Принимаю решение построить заржавленный парк. Хорошо бы найти кого-нибудь, кто поможет вывезти на тележках все эти цилиндры на пляж, в самое глухое и пустынное место, рядом с тростниковыми зарослями. Нашел трех женщин из пригорода и старика: за два дня они и управились. Расплатился я с ними и остался один на один с горой жестянок, выросшей в нескольких шагах от полосы прибоя. Снял пиджак, закатал брюки, сбросил ботинки. Приступил к сортировке жестянок по размеру. Бочки я сразу же откатил в сторону - с ними все просто; разбор прочих банок был продолжительным, но нетрудным занятием. Все равно что сдавать карты на пятерых. Постепенно гора оседала, распадаясь на пять растущих кучек, соответствующих размеру жестянок: первому, второму, третьему, четвертому, пятому. На розоватом песке постепенно поднимались кучи ржавого железа. Время от времени я отдыхал. Смотрел на них.
Три дня я ночую в просторном загородном доме, который снял чуть ли не даром. С пляжа к нему протоптана тропинка. Строение девятнадцатого века похоже на шкаф: ряд прямоугольных проемов, под крышей круглые чердачные оконца. Снаружи ничего лишнего. Внутри полно каких-то темных чуланов, комнат без дверей, где жить невозможно, таким воздухом никто не дышит и никогда не дышал; для какой они цели, эти комнаты, неизвестно, как никто не знает назначения заполненных воздухом полостей в голове у слона; одни говорят - помогают сохранять равновесие, другие - усиливают звуки, а может, все проще: у господа бога не нашлось под рукой ничего, чем с пользой заполнить пустоты, - слишком огромная получилась слоновья голова, даже учитывая форму ее и пропорции.

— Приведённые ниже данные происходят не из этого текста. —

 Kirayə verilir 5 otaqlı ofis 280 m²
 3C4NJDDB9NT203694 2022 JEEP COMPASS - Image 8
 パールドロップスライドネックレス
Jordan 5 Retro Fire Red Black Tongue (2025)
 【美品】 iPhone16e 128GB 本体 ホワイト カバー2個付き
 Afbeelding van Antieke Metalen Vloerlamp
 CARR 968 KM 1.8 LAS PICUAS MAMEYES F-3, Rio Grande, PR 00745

Вернувшись на пляж с длинными прутьями для крепления колонн, я заметил: с кучи жестянок что-то скатилось вниз. Несколько банок, видимо, потеряли равновесие, или их сдуло ветром. Но воздух сегодня недвижим; смотрю в оба: оказавшись на песке, жестянки вдруг повернули в мою сторону. Только сейчас разглядел: это не ржавые банки - это рыжий котенок. Зверек прижался к ноге, потерся мордочкой о штанину и тихо, почти беззвучно мяукнул. Какой ласковый. Наклонился погладить его. Сел рядом. Потом растянулся на песке. Он вспрыгивает на меня, ходит мягкими лапками. Навевает сон. Вдруг вижу возле себя черноглазую девчонку. Улыбается приветливо, бесхитростно. Волосы растрепаны. Тяжелые руки повисли вдоль тела, на котором едва обозначилась округлость форм. Молчит, я тоже. В глазах у нее разочарование. Наклоняется, чтобы взять котенка. Схватила его на руки и бесшумно исчезла, не проронив ни слова.

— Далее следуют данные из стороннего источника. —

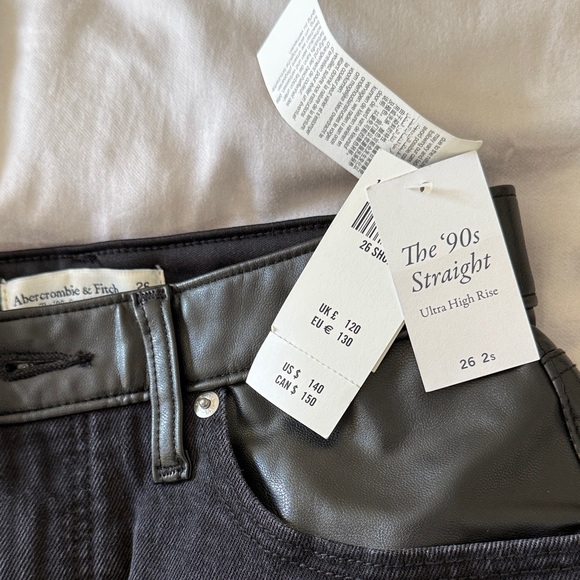 Women’s  Black Jeans - Picture 2 of 4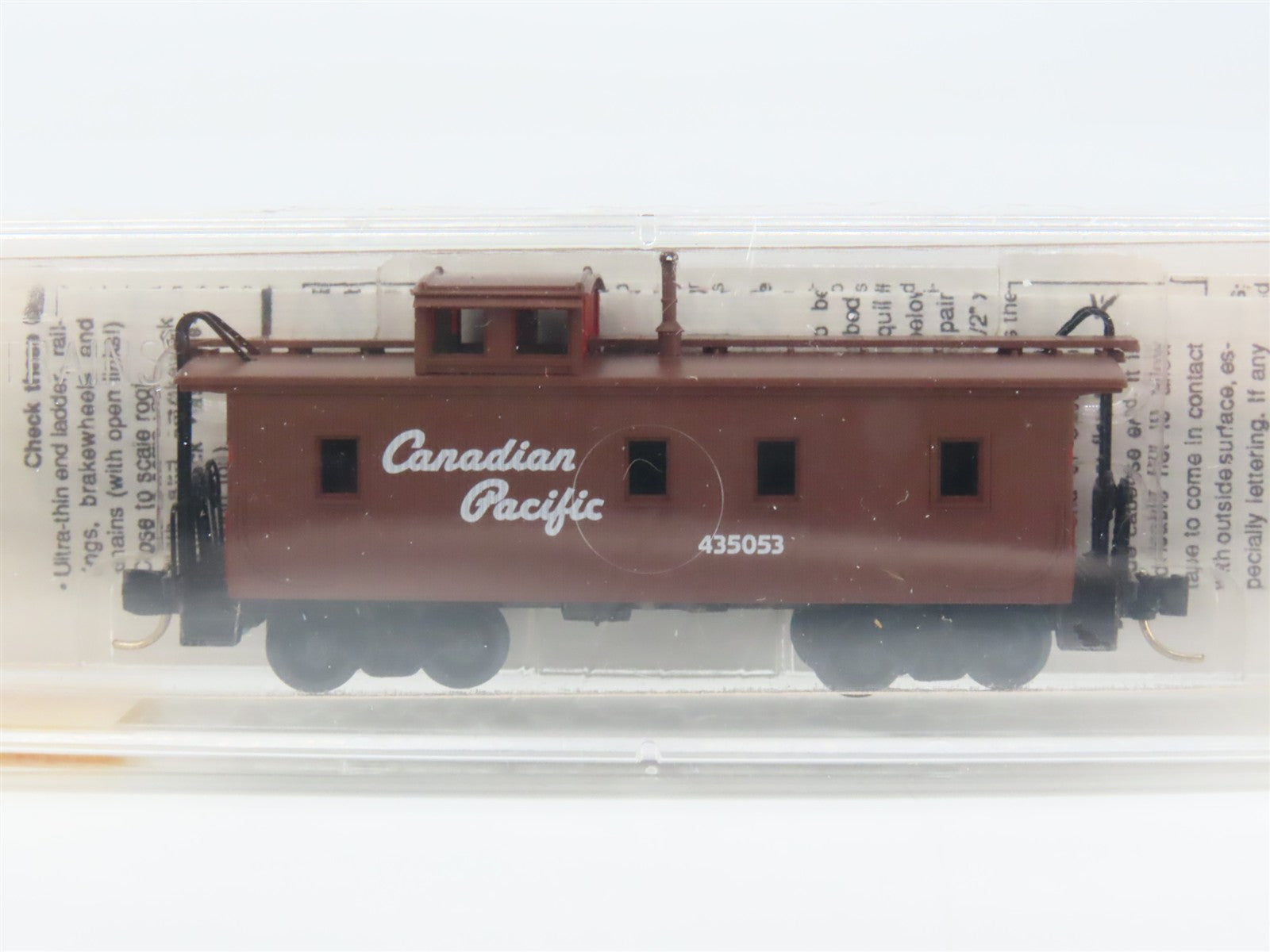N Scale Micro-Trains MTL 51010 Canadian Pacific 34' Wood Sheathed Caboose RTR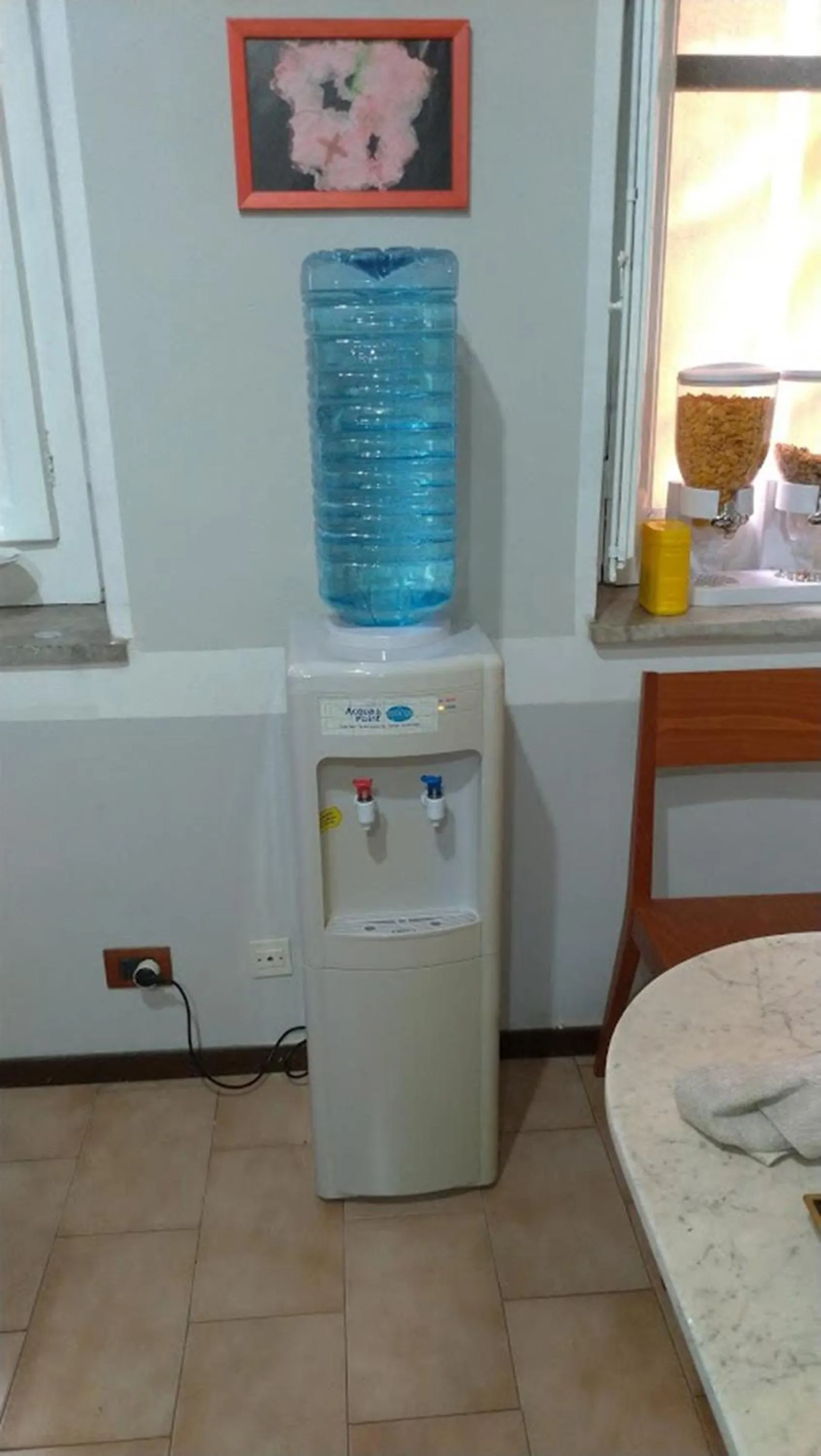 Communal lounge/ TV room in Genio del Porto - Mabbonath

Я заснул: сказалась долго копившаяся усталость. Когда я очнулся, во мне словно сменили кровь. Я встал; наконец появилось желание стряхнуть с себя все заботы. Ничего не искать и не стремиться найти то, что ищешь, - иначе вся жизнь пройдет в бессмысленных поисках. Не желаю я больше выдумывать. Я должен построить этот заржавленный парк, этот лес из консервных банок. В тот же день я всадил в песок три железных прута трехметровой высоты, потом - другие. Итак, остов колонн был готов. На следующий день я пришел со стремянкой и начал нанизывать банки на прутья. Они легко, с одного удара, протыкали тонкое, как бумага, дно жестянок. И поднимались колонны из ржавчины. Одни выше, другие чуть ниже. В конце концов можно было представить себе черный собор - развалины греческого храма, почерневшего от огня.
6
Единственное, что теперь меня заботит: как поладить с собственным телом. Вчера наконец я выдержал экзамен на медлительность. Объясню, в чем дело: я попытался заставить себя совершать действия в замедленном ритме. В городе, конечно, я вел себя как обычно. Но поведение изменялось с приближением к тому месту на пляже, где я поставил столбы из жестянок. Настолько резко сбрасывал скорость, что проходило несколько секунд, прежде чем нога опускалась на землю. Руки, следуя за поступательным движением тела, исполняли свой аккомпанемент в таком же медленном темпе. Поставив на землю правую ногу, я всем корпусом подавался вперед, поднимал левую и толкал ее до тех пор, пока она не касалась песка. Потом то же самое проделывал правой, затем опять левой ногой. Нелегко приходилось. Зато придавало бодрости. Наконец я медленно опускался на песок. Снимал ботинки: сначала один, потом другой. И вот, повернув корпус на три четверти, прятал их в тень колонны. Я заметил, что тело, особенно руки и ноги, прекрасно умеет начинать и заканчивать любое движение. Но пребывает в нерешительности в промежуточные моменты, когда выполняемое действие находится как бы на полпути к намеченной цели. Поэтому, прежде чем уложить ботинки на землю, я попробовал научить руки двигаться в воздухе так, будто перед ними обозначен целый ряд промежуточных пунктов. Медлительность, как известно, дезориентирует, лишает жест памяти. Да, но сначала нужно было определить эти пункты в пространстве, двигаясь от одного к другому. Одним словом, научиться задерживать руку в полете. Сделать ее перемещение непрерывным и последовательным. Зафиксировать воображаемый этап, который предстоит преодолеть руке прежде, чем она достигнет следующего, и так далее до тех пор, пока ботинок не окажется на песке. Добиться того, чтобы и замедленное движение выглядело естественно, - задача чрезвычайно сложная. Но я чувствовал: тело относится ко мне со вниманием и любовью. В общем, оно развлекалось.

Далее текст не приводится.